À medida que o Brasil se aproxima de mais um pleito democrático em outubro, torna-se essencial entender as reais atribuições do presidente da República e de outros cargos do Poder Executivo. O voto consciente exige avaliar qual candidato possui o perfil adequado para gerir o Orçamento e conduzir as políticas públicas do país nos próximos quatro anos.
Na disputa eleitoral marcada para 2026, a escolha do eleitorado definirá os novos governantes em votação agendada para 4 de outubro no primeiro turno. Caso nenhum concorrente alcance a maioria absoluta dos votos válidos, o segundo turno ocorrerá no dia 25 de outubro.
Além de analisar o histórico e a vida pública dos candidatos, compreender os deveres e limites de cada função governamental auxilia na construção de expectativas realistas sobre as futuras gestões.
Presidente da República
Compreender o papel do chefe da nação é fundamental para identificar a liderança mais qualificada durante o processo eleitoral.

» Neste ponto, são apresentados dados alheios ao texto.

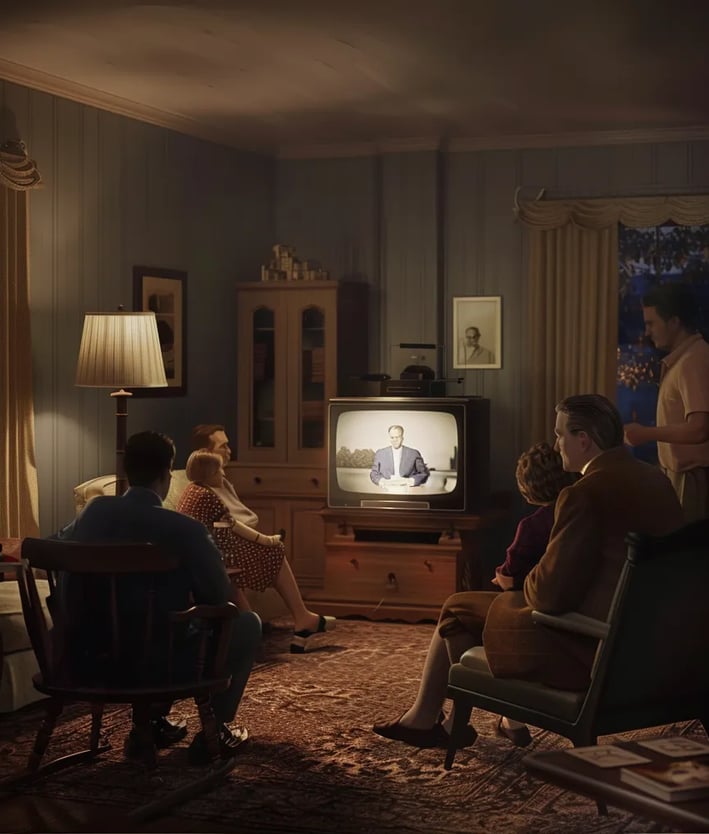 American family in the 1940s sitting in their living room, watching Truman’s address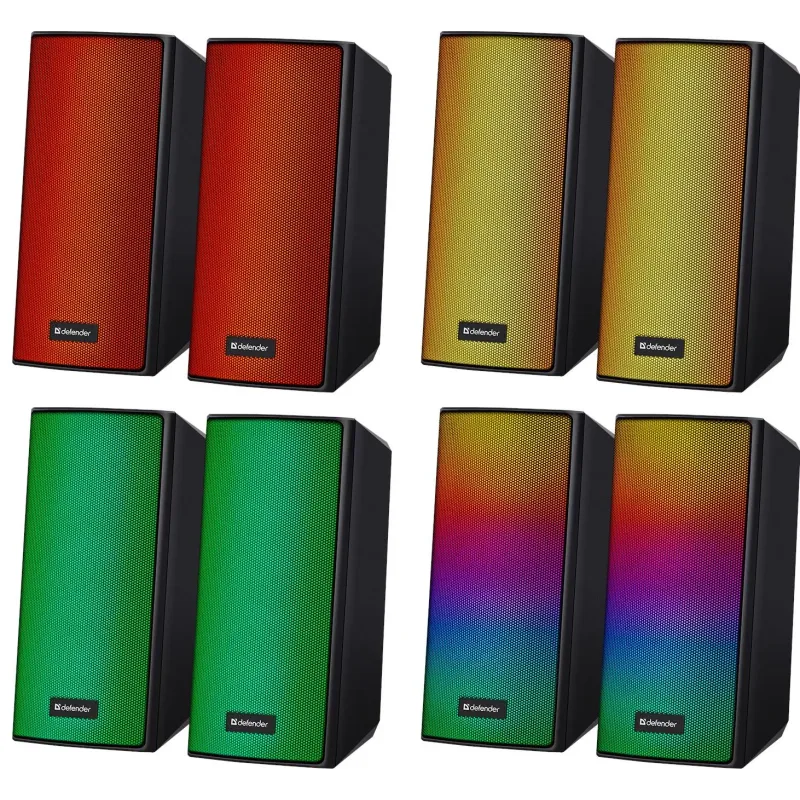 Głośniki Defender SPITFIRE 2.0 6W Bluetooth USB podświetlenie RGB MP3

Conforme a Constituição Federal, a Presidência engloba as funções de chefia de Estado e de governo. Como representante do país, o mandatário atua nas relações diplomáticas externas e na preservação da unidade nacional.
Já na qualidade de chefe do governo federal, a autoridade máxima do Poder Executivo responde por executar as leis federais, encaminhar a proposta orçamentária ao Congresso e formular diretrizes públicas nacionais.
Entre suas responsabilidades constitucionais, destacam-se a aprovação ou veto de matérias legislativas, a publicação de medidas provisórias e a indicação dos ministros de Estado.
No plano internacional, o gestor representa o Brasil perante governos estrangeiros e organismos multilaterais, assumindo também o comando supremo das Forças Armadas.
A duração do mandato é de quatro anos, sendo permitida uma reeleição consecutiva. A definição do vencedor no primeiro turno exige maioria absoluta dos votos válidos.
Vice-presidente da República
Integrando a mesma chapa presidencial, o vice-presidente assume o comando nacional em episódios de ausência do titular ou em cenários de vacância definitiva do cargo.
A presença do vice assegura a continuidade institucional da gestão federal diante de imprevistos, impedimentos ou viagens internacionais do presidente.
Ademais, o vice-presidente pode desempenhar funções estratégicas, atuar na articulação política e cumprir missões especiais designadas pelo chefe do Executivo.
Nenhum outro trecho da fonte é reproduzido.